• [Provided data]:

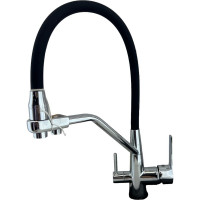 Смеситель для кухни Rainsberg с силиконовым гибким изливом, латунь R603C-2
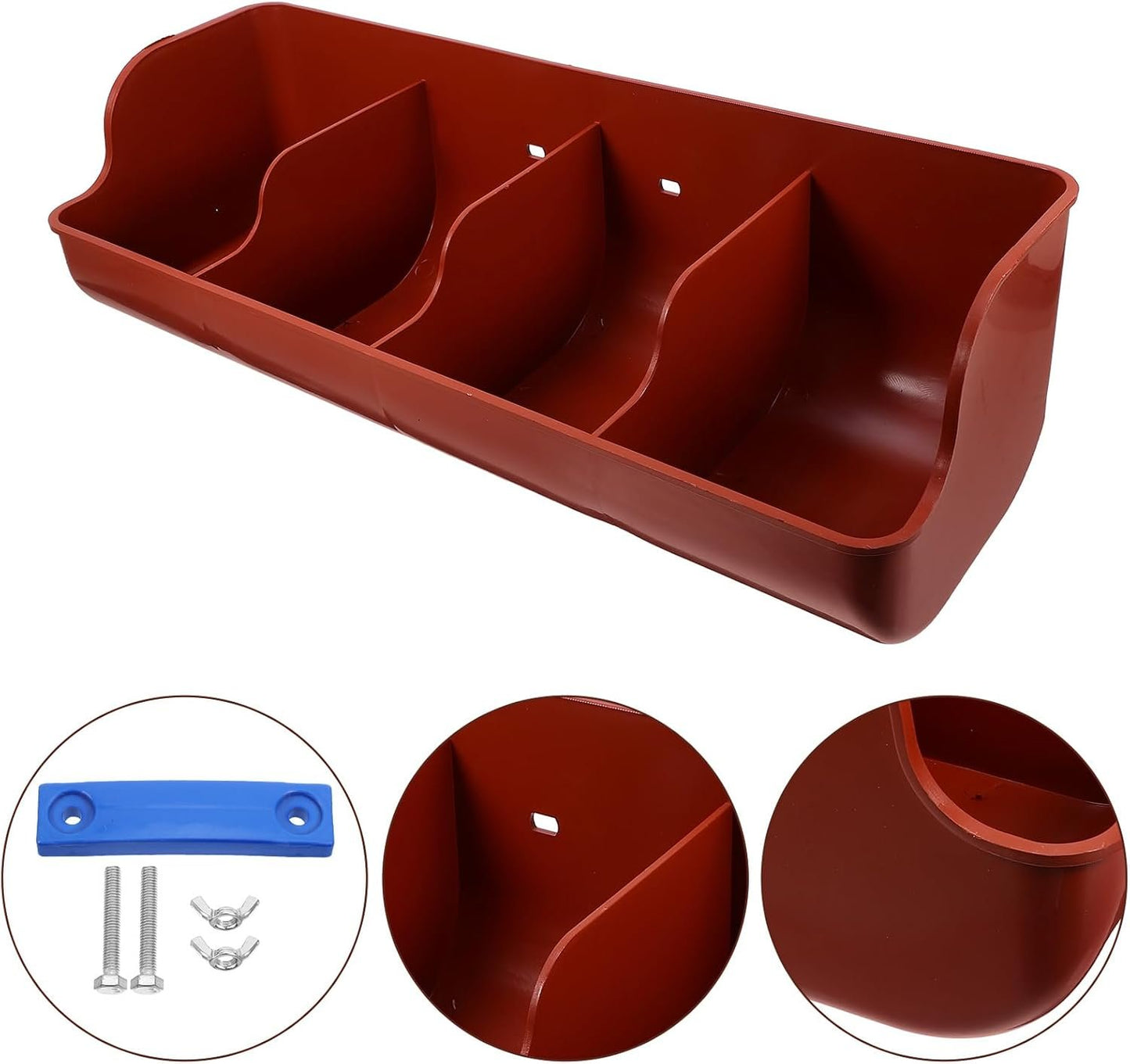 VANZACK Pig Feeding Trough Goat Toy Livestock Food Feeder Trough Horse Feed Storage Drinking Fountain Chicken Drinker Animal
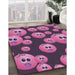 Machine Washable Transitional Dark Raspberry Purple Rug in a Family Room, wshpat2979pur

• [About this exercise]: Your task is to repeat the data above exactly while excluding the pictures.

• [Reply]:
 Смеситель для кухни Rainsberg с силиконовым гибким изливом, латунь R603C-2
 VANZACK Pig Feeding Trough Goat Toy Livestock Food Feeder Trough Horse Feed Storage Drinking Fountain Chicken Drinker Animal
 Machine Washable Transitional Dark Raspberry Purple Rug in a Family Room, wshpat2979pur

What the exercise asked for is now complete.